Superfast not because of faster convergence but because they use a clever acceptance/rejection trick so that most of the time they don’t have to evaluate the entire target density. It’s written in terms of single-step Metropolis but I think it should be possible to do it in HMC or Nuts, in which case we could try it out in Stan.

From the abstract:

The idea behind the generic acceleration is to divide the acceptance step into several parts, aiming at a major reduction in computing time that outranks the corresponding reduction in acceptance probability. The division decomposes the “prior x likelihood” term into a product such that some of its components are much cheaper to compute than others. Each of the components can be sequentially compared with a uniform variate, the first rejection signalling that the proposed value is considered no further, This approach can in turn be accelerated as part of a prefetching algorithm taking advantage of the parallel abilities of the computer at hand. We illustrate those accelerating features on a series of toy and realistic examples.

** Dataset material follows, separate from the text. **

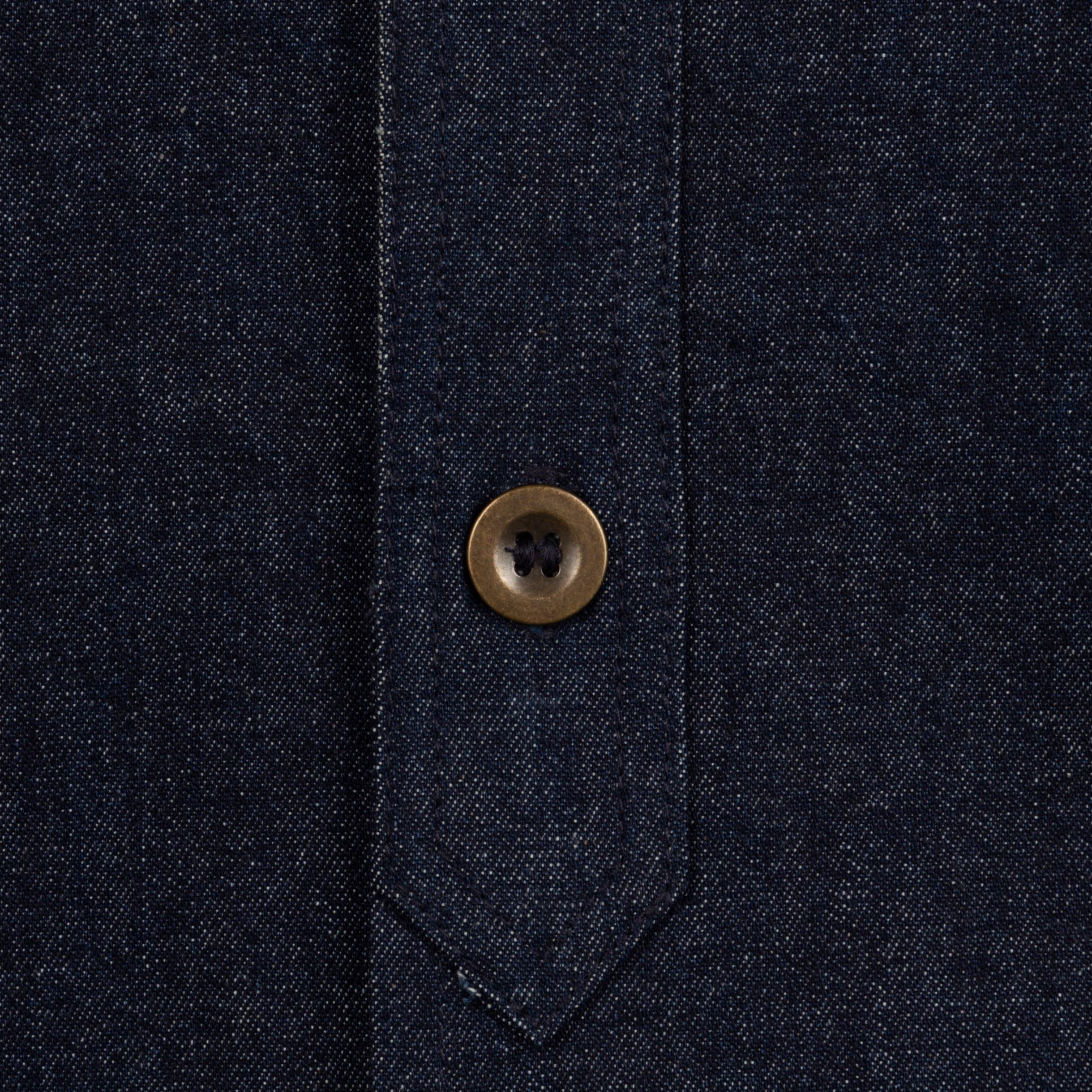 Close up of the button detail of the Carrier Company Denim Collar Shirt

What the paper really needs, though, is a “money shot,” a graph showing the potentially huge gains attainable in some settings. My impression from talking with Christian is that this new algorithm could be much faster than what we’re doing now, but in the paper they just show gains of up to a factor of 5 or so. If they do things right, they could get gains in wall time per effective sample size of a factor of 10 or 100 or more, no?

P.S. More from X here.

Super cool! I would expect HMC/NUTS not to benefit as much because it doesn’t speed up gradient stuff, but still very useful.